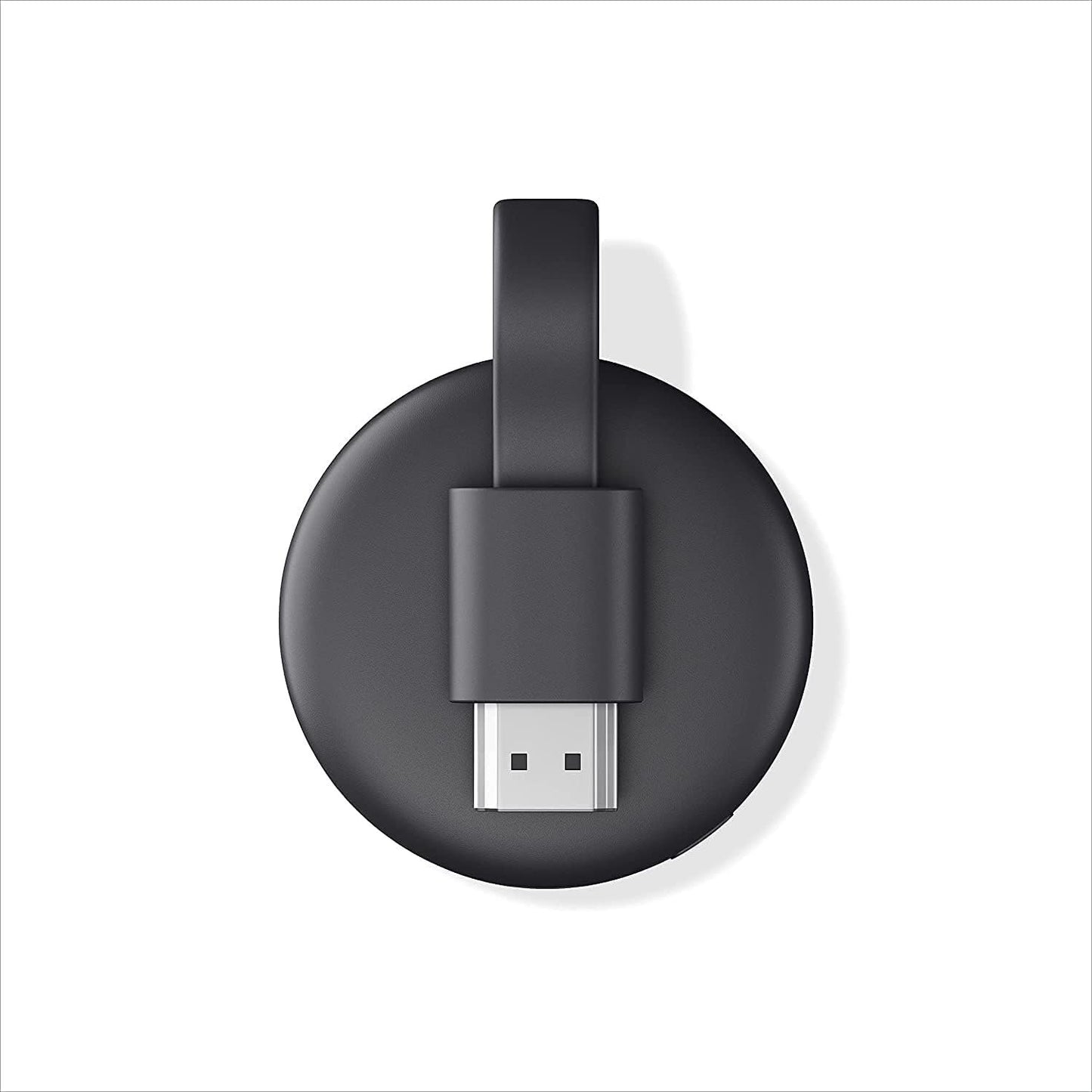 Google Chromecast - Streaming Device with HDMI Cable - Stream Shows, Music, Photos, and Sports from Your Phone to Your TV with Extra Cable- Charcoal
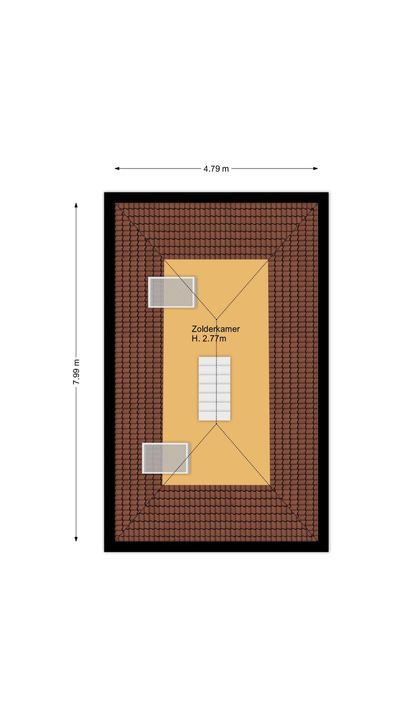 Heidestraat 42, Hilversum plattegrond-42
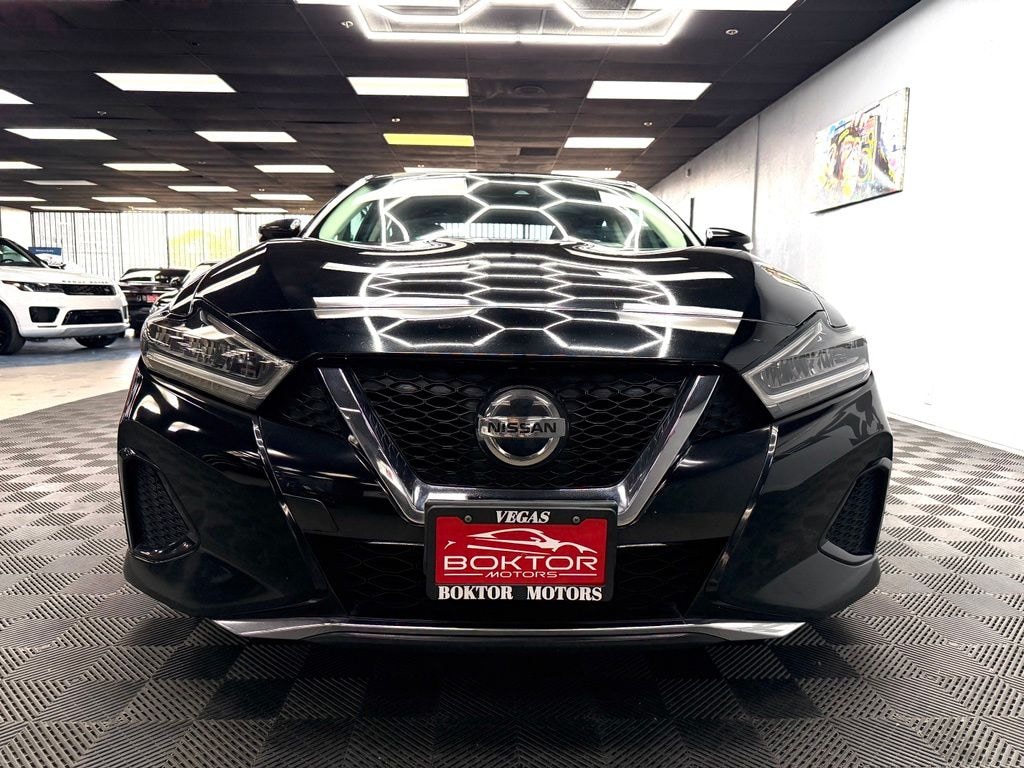 Used 2022 Nissan Maxima SV Sedan
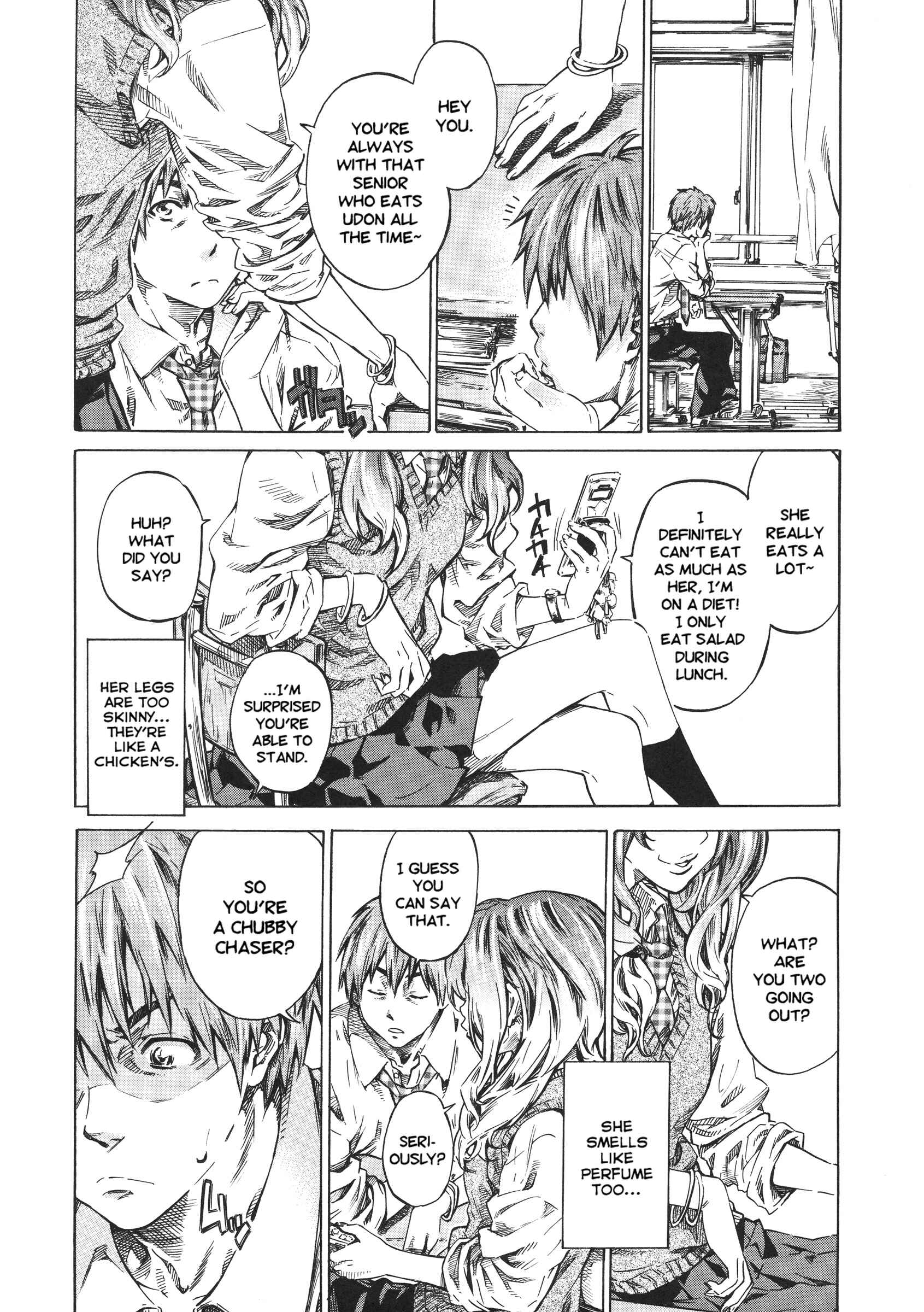 Page 4 Chapter 6 Kanojo Zokusei -Kimi Zoku-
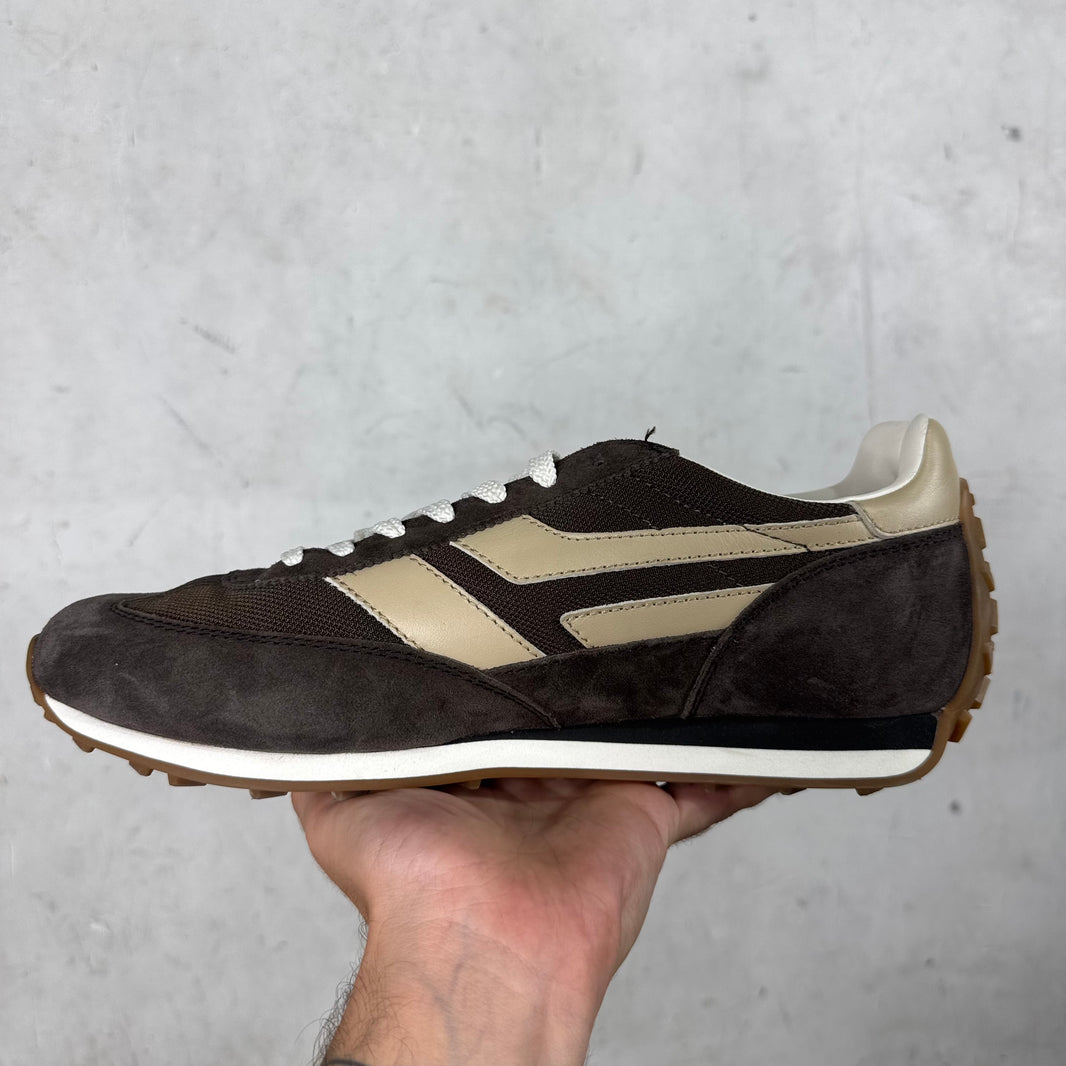 Tom Ford Brown Suede Mick Sneakers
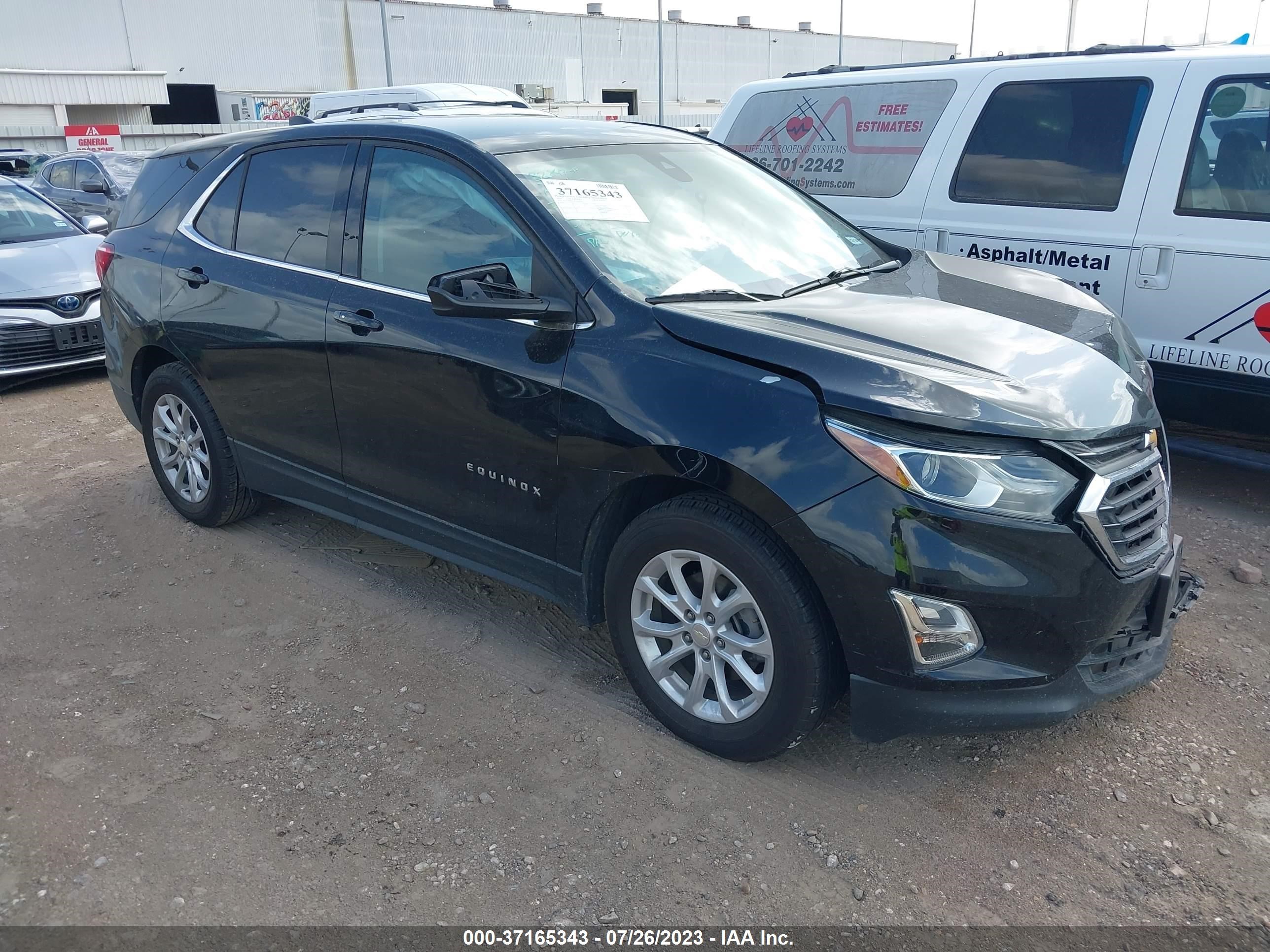 CHEVROLET EQUINOX 2020 3gnaxkev0ll126924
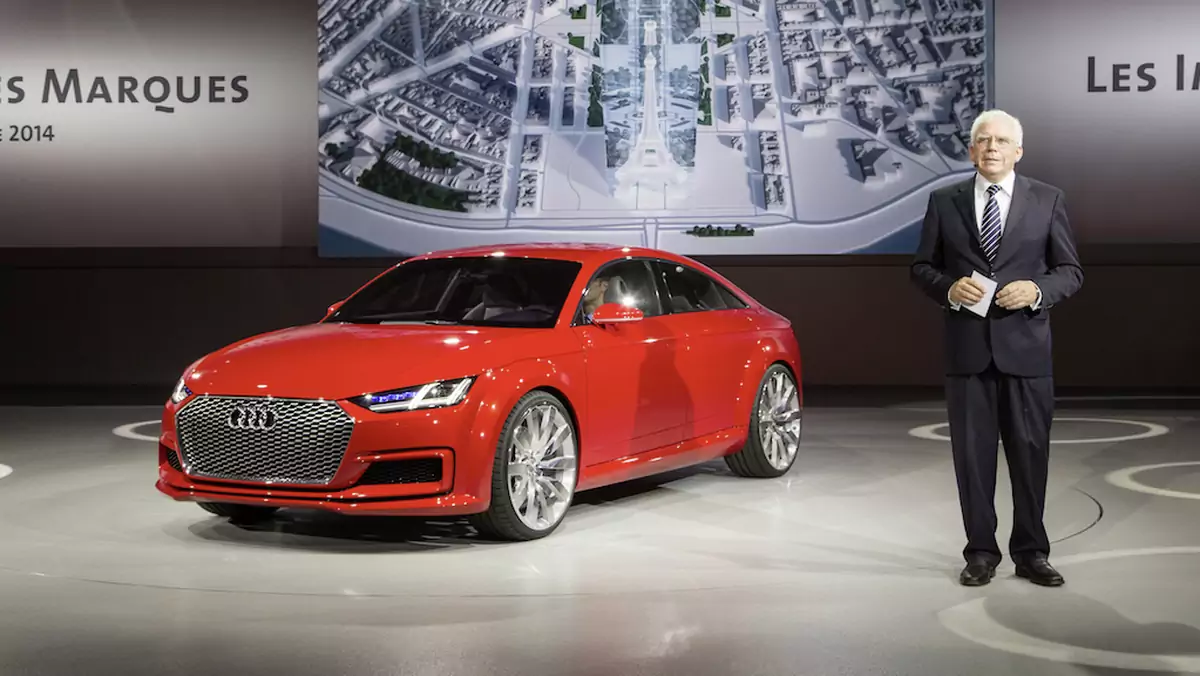 Audi TT Sportback concept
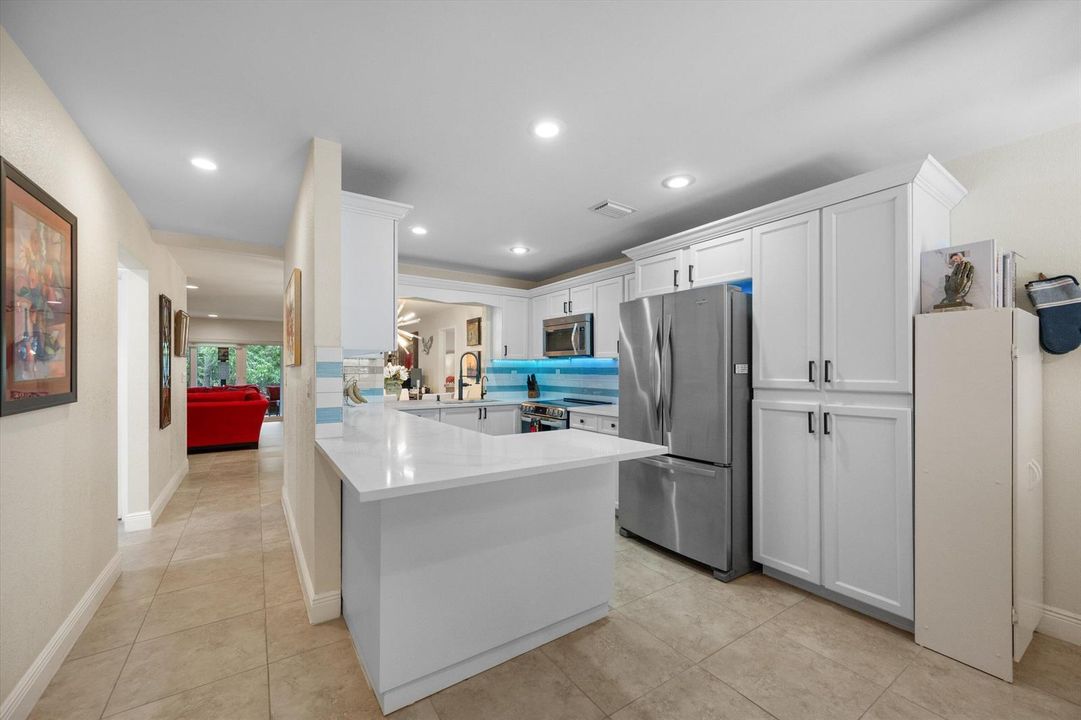 Remodeled Kitchen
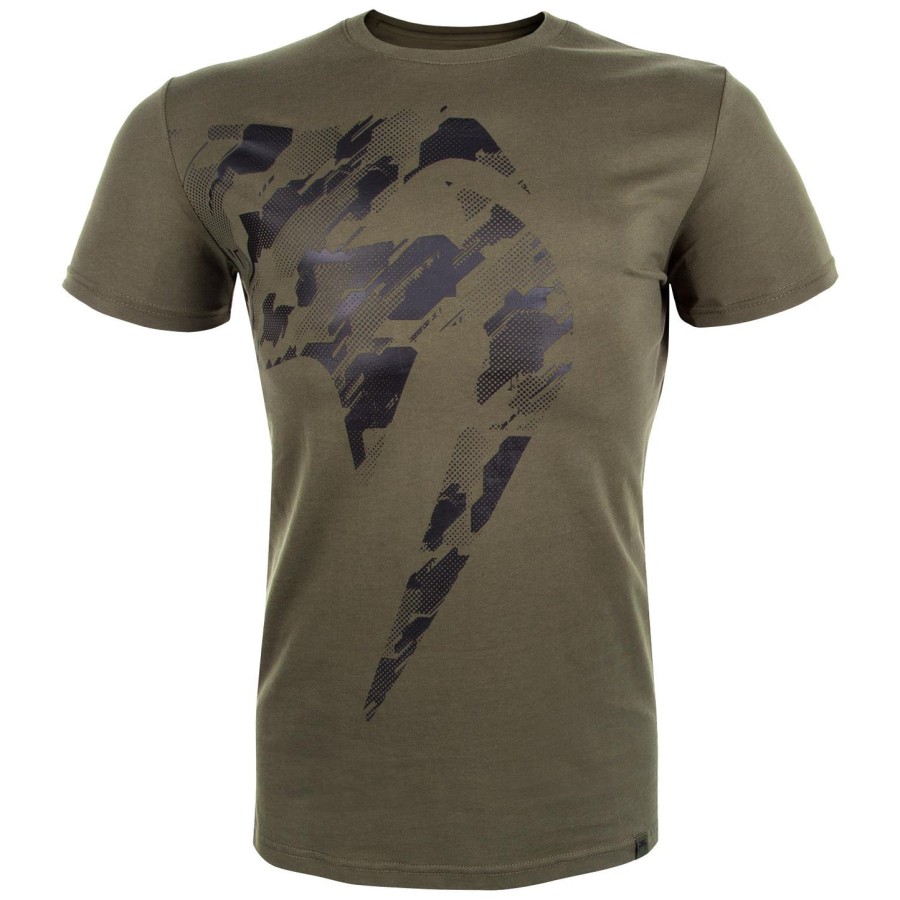 venum tecmo camiseta gigante - cáqui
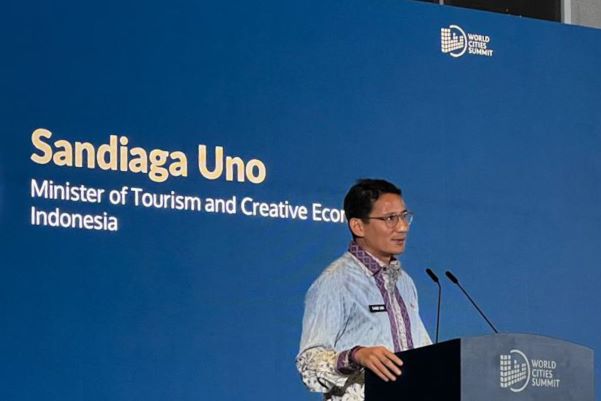 Menparekraf Tekankan Pariwisata Berkonsep Smart Cities Dalam World Cities Summit 2024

#####

Exercise description: Every line from the one containing "Remodeled Kitchen" to the final line of the records must be transcribed exactly, both ends included, with the pictures left out.

Reply:
 Remodeled Kitchen
 venum tecmo camiseta gigante - cáqui
 Menparekraf Tekankan Pariwisata Berkonsep Smart Cities Dalam World Cities Summit 2024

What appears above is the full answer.